Repeat each line of the material below exactly as it appears, minus any pictures.

--- Given data ---
== Segment start ==

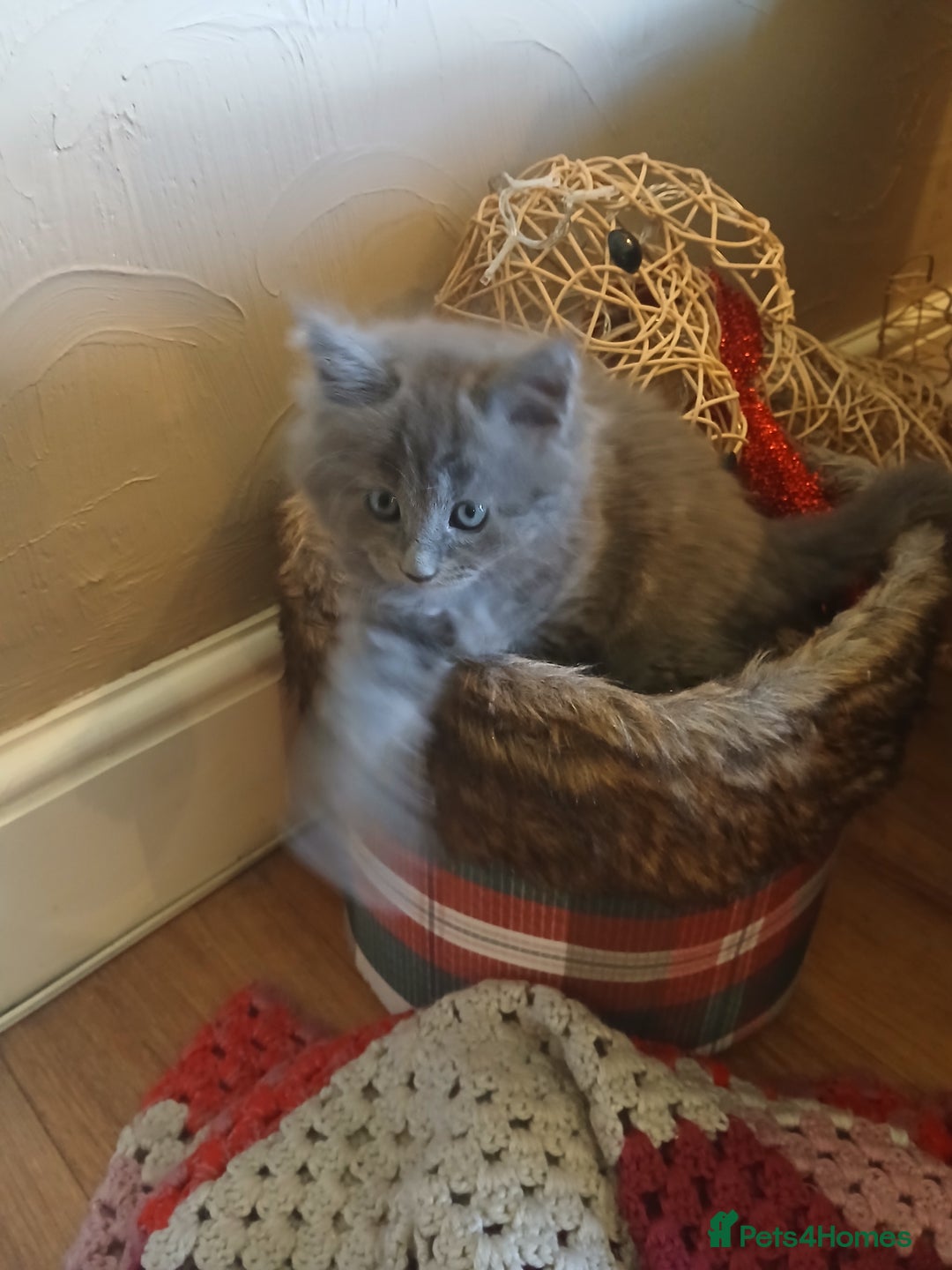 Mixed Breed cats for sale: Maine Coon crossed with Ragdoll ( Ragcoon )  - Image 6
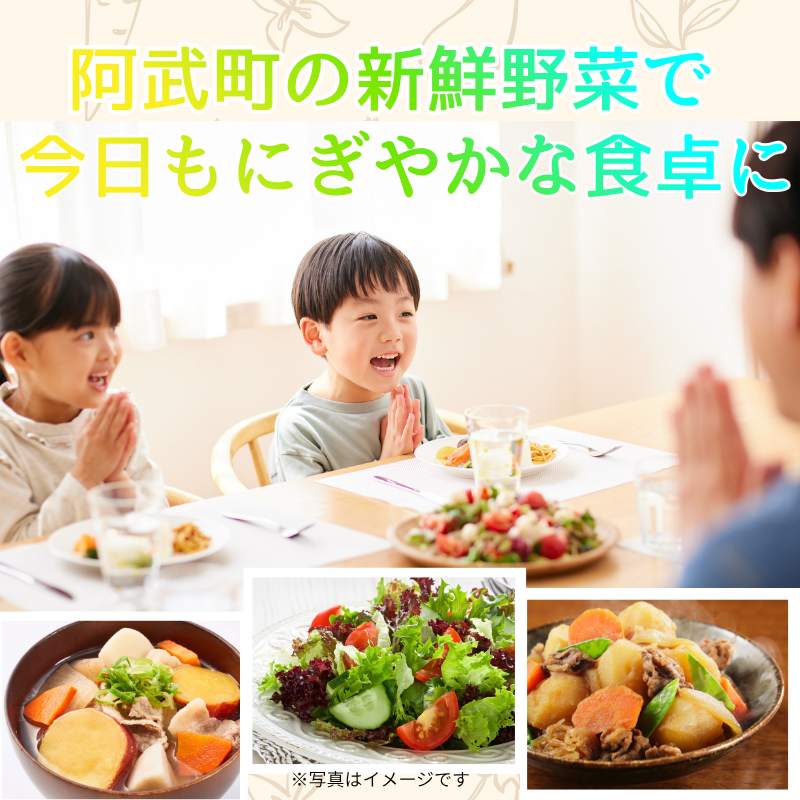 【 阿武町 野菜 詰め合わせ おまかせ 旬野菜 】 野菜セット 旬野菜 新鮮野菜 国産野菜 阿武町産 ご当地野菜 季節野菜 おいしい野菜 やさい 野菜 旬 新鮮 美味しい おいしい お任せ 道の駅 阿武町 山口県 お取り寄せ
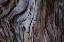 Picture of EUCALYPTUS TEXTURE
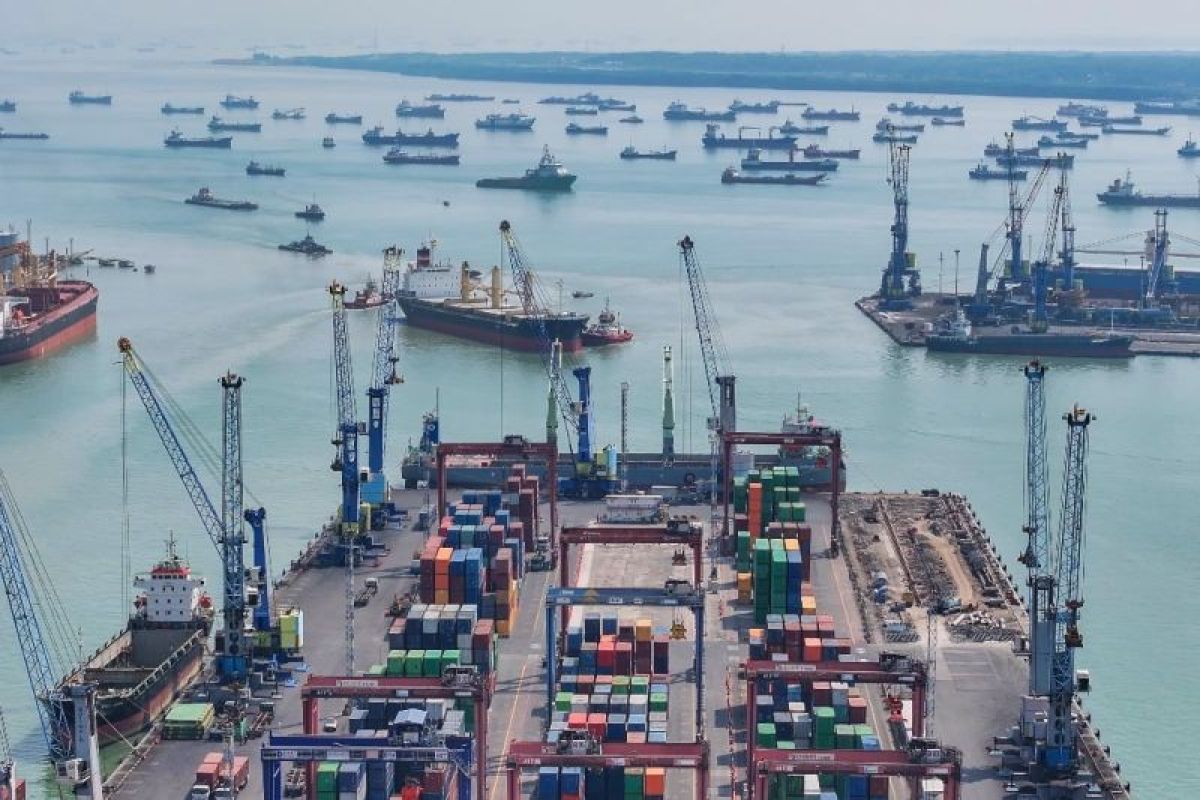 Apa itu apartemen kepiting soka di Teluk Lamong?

== Segment end ==

--- Answer to this problem ---
 Mixed Breed cats for sale: Maine Coon crossed with Ragdoll ( Ragcoon )  - Image 6
 【 阿武町 野菜 詰め合わせ おまかせ 旬野菜 】 野菜セット 旬野菜 新鮮野菜 国産野菜 阿武町産 ご当地野菜 季節野菜 おいしい野菜 やさい 野菜 旬 新鮮 美味しい おいしい お任せ 道の駅 阿武町 山口県 お取り寄せ
 Picture of EUCALYPTUS TEXTURE
 Apa itu apartemen kepiting soka di Teluk Lamong?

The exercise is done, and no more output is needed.